» **GIVEN RECORDS**:
.....

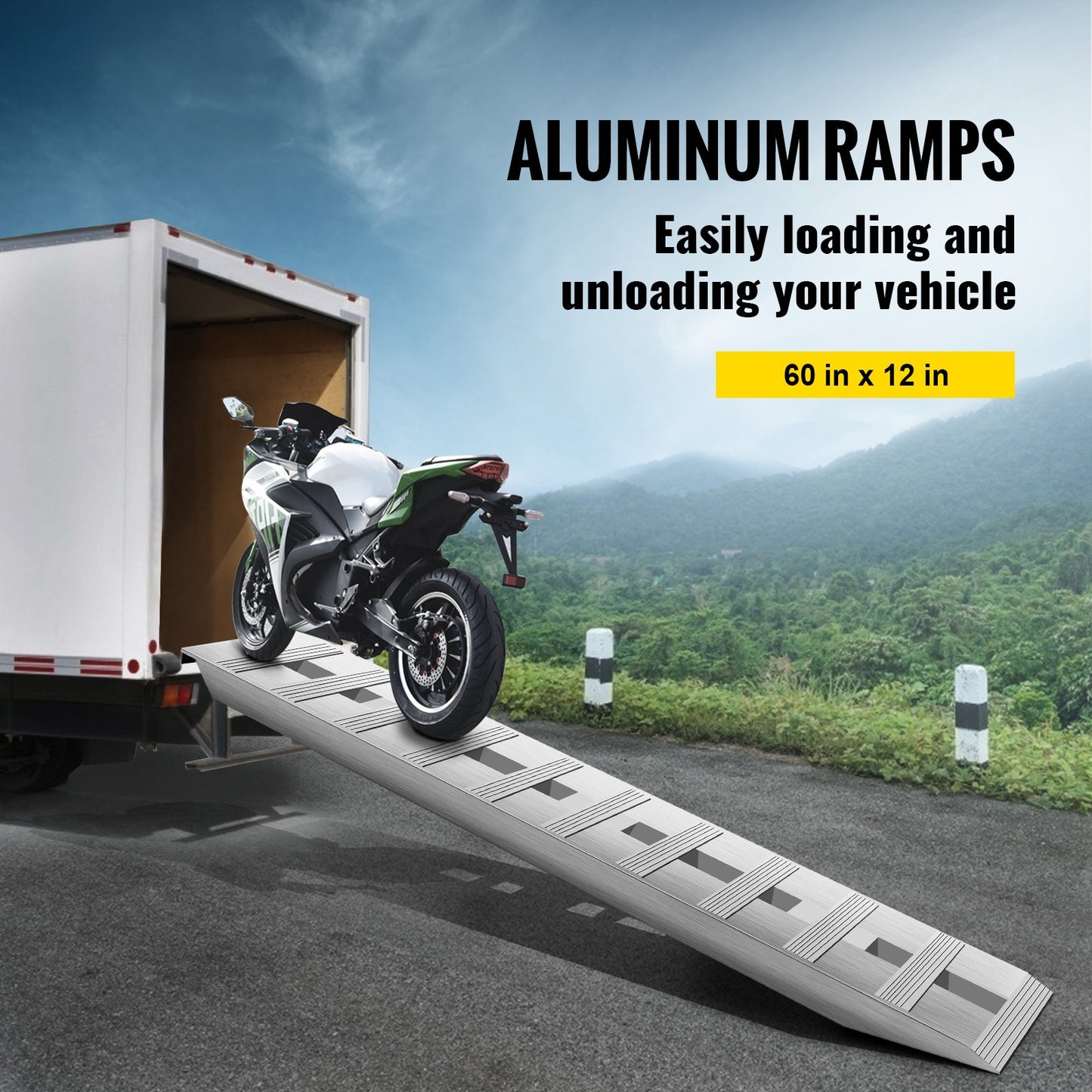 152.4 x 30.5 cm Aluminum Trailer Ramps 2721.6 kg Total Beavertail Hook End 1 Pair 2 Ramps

.....

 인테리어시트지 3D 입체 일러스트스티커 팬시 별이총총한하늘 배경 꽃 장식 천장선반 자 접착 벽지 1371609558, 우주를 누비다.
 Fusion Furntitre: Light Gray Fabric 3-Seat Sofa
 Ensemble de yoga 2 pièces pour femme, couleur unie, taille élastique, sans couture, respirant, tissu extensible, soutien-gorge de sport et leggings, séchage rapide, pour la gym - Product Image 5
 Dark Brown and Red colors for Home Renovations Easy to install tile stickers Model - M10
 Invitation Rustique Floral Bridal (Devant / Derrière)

.....

Reprint exactly the lines above that start at the one with "Dark Brown and" and end at the one with "Invitation Rustique Floral", keeping both and adding none.

» **OUTPUT BELOW**:
 Dark Brown and Red colors for Home Renovations Easy to install tile stickers Model - M10
 Invitation Rustique Floral Bridal (Devant / Derrière)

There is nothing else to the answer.